Several court challenges were launched against the ERC’s compulsory nature. Two parents from Drummondville persisted, and with the support of several Christian groups and civil liberties advocacy groups, they brought their assertion all the way to the Supreme Court of Canada.
On February 17, 2012, the highest court in Canada unanimously disagreed with them and dismissed their case. Writing for the majority, Justice Marie Deschamps said the parents failed to show that the ERC course interfered with their ability to transmit their faith to their children stating:
Parents are free to pass their personal beliefs on to their children if they so wish. However, the early exposure of children to realities that differ from those in their immediate family environment is a fact of life in society. …
The evidence demonstrates, firstly, that the Ministère’s formal purpose does not appear to have been to transmit a philosophy based on relativism or to influence young people’s specific beliefs. Exposing children to a comprehensive presentation of various religions without forcing the children to join them does not constitute an indoctrination of students that would infringe the freedom of religion of [the students in question]. Furthermore, the early exposure of children to realities that differ from those in their immediate family environment is a fact of life in society.
Such exposure “can be a source of friction,” Deschamps acknowledged, but it does not infringe the children’s or parents’ freedom or religion. Allowing children to opt out of the course would be “a rejection of the multicultural reality of Canadian society and ignores the Quebec government’s obligations with regard to public education,” the Court ruled.
Therefore, the trial judge did not err in holding that the school board’s refusal to exempt their children from the ERC course did not violate their constitutional right.
Justice LeBel with Justice Fish concurring wrote separate reasons as to why the appeal is dismissed but of importance is the statement,
The state of the record, however, also does not permit to conclude that the ERC Program and its implementation could not, in the future, possibly infringe the rights granted to L and J and persons in the same situation…
The single textbook filed in the record may cause some confusion in terms of the way it presents the connection between the program’s religious content and its ethical content. For example, does the content of the Christmas‑related exercises for six‑year‑old students encourage the transformation of an experience and tradition into a form of folklore consisting merely of stories about mice or surprising neighbours? These are some potential questions and concerns. The record before this Court does not make it possible to respond to them. However, the legal situation could change during the existence of the ERC Program.
Leaving the door open for future challenges on possible infringements due to the ERC program.

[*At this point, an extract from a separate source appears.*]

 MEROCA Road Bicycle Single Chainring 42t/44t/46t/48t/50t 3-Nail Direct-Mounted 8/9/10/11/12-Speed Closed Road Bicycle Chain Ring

Knowing the elements of different cultures and religions around us is not bad or wrong. Learning how to interact and respect persons with different cultures and religions should be encouraged. However, I do not agree that the course should be made mandatory. Parents with elementary- and secondary-aged students should be provided with a choice between religious or ethics instruction. Taking away that choice is where the problem lies and the story will not end there.